**** ENTRIES SHOWN ****

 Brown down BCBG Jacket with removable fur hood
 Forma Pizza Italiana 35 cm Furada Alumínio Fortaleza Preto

****
**** ENTRIES SHOWN ****

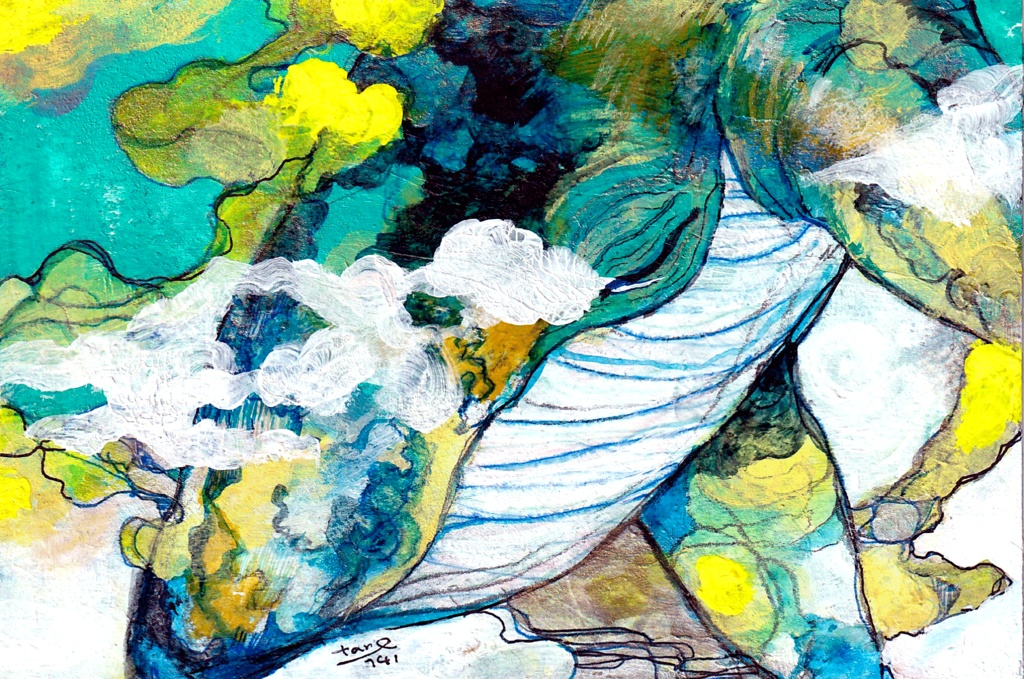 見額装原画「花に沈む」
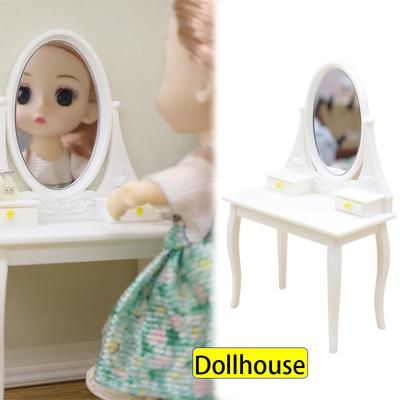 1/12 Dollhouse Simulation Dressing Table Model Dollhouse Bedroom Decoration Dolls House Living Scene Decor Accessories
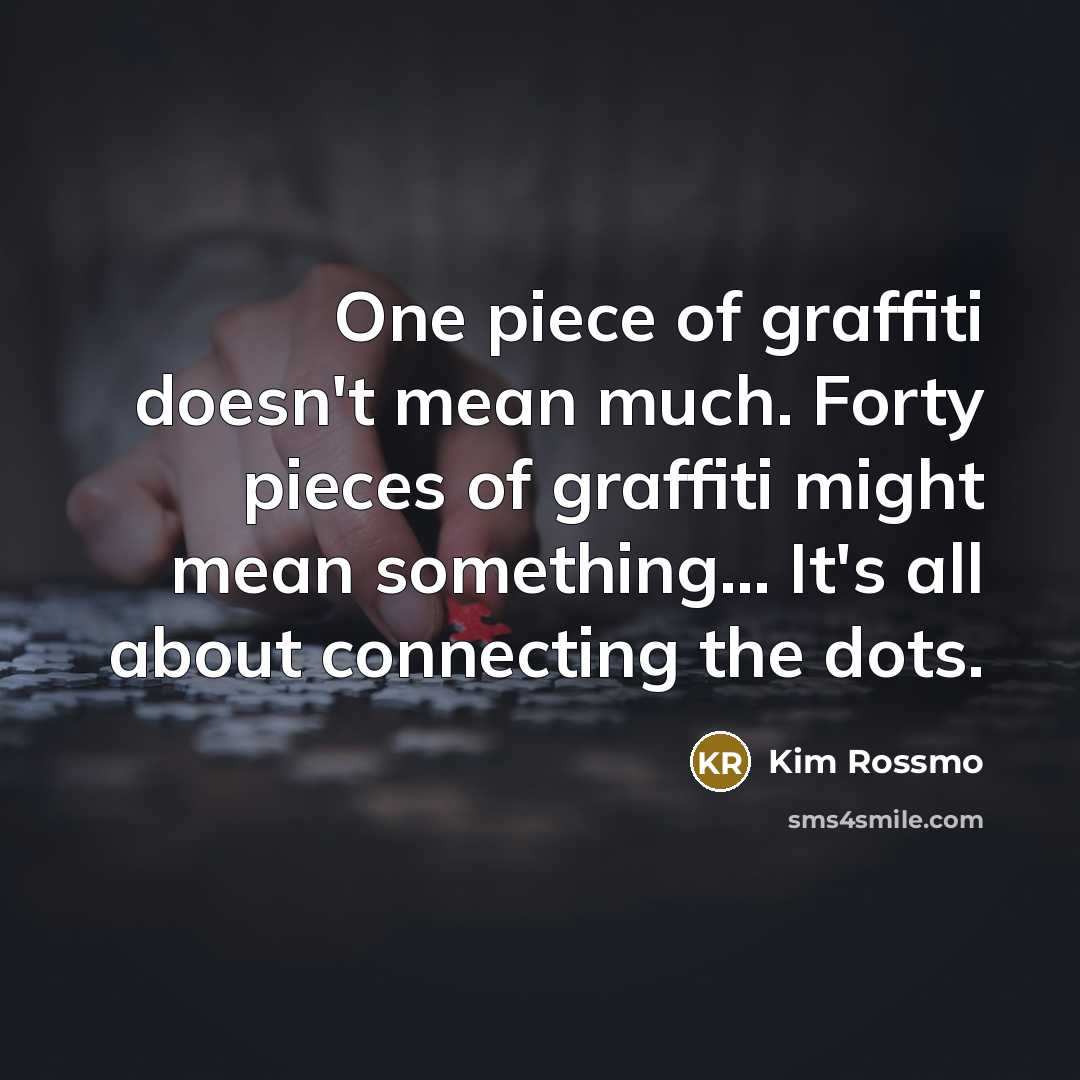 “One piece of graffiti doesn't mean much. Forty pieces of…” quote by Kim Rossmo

****

Everything above from the line with "Brown down BCBG" to the line with "Forma Pizza Italiana", both included, must be repeated exactly, and nothing outside that range.

ANSWER AREA:
 Brown down BCBG Jacket with removable fur hood
 Forma Pizza Italiana 35 cm Furada Alumínio Fortaleza Preto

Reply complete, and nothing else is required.